A declaração repercute em um momento de intensificação das agendas de possíveis candidatos ao Governo do Estado, ao Senado e aos cargos proporcionais. Embora as candidaturas ainda dependam das convenções partidárias e do registro na Justiça Eleitoral, nomes colocados na disputa já percorrem municípios, participam de eventos e divulgam propostas.
Em entrevista ao MetaDataCast 98, da 98 FM Natal, o juiz ressaltou que o alerta não significa que todas essas atividades sejam irregulares. A legislação permite que pré-candidatos participem de entrevistas, encontros, debates, reuniões partidárias e eventos, além de mencionarem eventual candidatura e apresentarem ideias e projetos.
O limite está no pedido explícito ou equivalente de voto e no uso, antes do período permitido, de meios ou formatos vedados pela legislação eleitoral. Cada situação deve ser analisada de acordo com seu conteúdo, alcance, contexto e forma de divulgação.
A propaganda eleitoral nas ruas e na internet estará autorizada a partir de 16 de agosto. Até lá, as ações são enquadradas como pré-campanha e precisam respeitar as restrições estabelecidas pelo Tribunal Superior Eleitoral (TSE).
Durante a entrevista, Pedro Paulo também destacou que a ampliação do período de pré-campanha impõe dificuldades práticas à fiscalização. O desafio envolve tanto a quantidade de eventos presenciais quanto o volume de publicações que circulam diariamente nas plataformas digitais.
A internet tornou esse acompanhamento ainda mais complexo. Vídeos, transmissões ao vivo, conteúdos patrocinados e publicações feitas por pré-candidatos ou apoiadores podem alcançar milhares de pessoas em pouco tempo, exigindo análise individual para verificar eventual violação das regras.
Fiscalização depende também de denúncias e representações
O poder de polícia sobre a propaganda eleitoral é exercido por juízes designados pelos tribunais regionais. A atuação busca interromper práticas consideradas ilegais, sem permitir censura prévia a manifestações políticas ou conteúdos jornalísticos.

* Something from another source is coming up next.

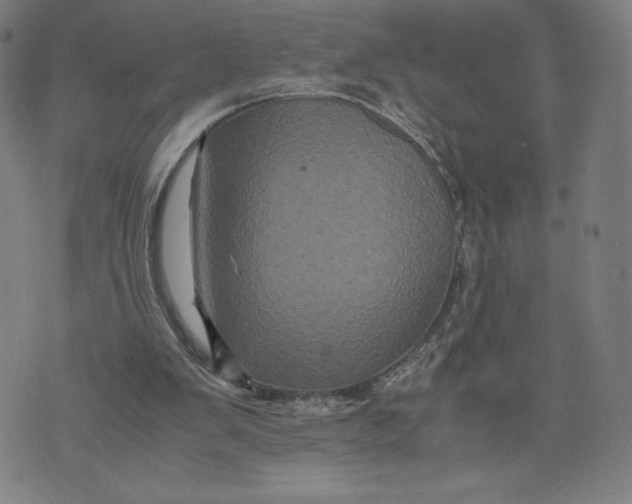 X0000071790103200607211632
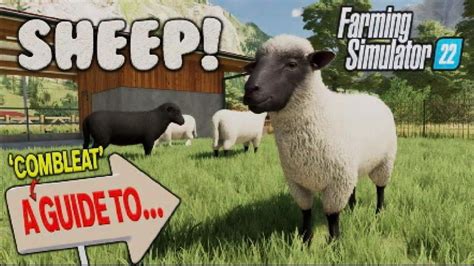 How to Feed Sheep FS22: A Comprehensive Guide to Virtual Livestock Management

Além da fiscalização realizada pela própria Justiça Eleitoral, possíveis irregularidades podem chegar ao Judiciário por meio de denúncias e representações apresentadas pelos legitimados previstos na legislação.
A fala de Pedro Paulo Falcão coloca em debate a diferença entre o calendário formal das eleições e a dinâmica política observada no Rio Grande do Norte. Enquanto a campanha oficial começa apenas em agosto, a disputa por visibilidade, alianças e apoio popular já ocupa agendas públicas e redes sociais.
Com a aproximação das convenções partidárias e do período oficial de propaganda, a tendência é de intensificação das movimentações políticas. O desafio apontado pelo magistrado será distinguir as atividades permitidas na pré-campanha das condutas que possam comprometer a igualdade entre os futuros concorrentes.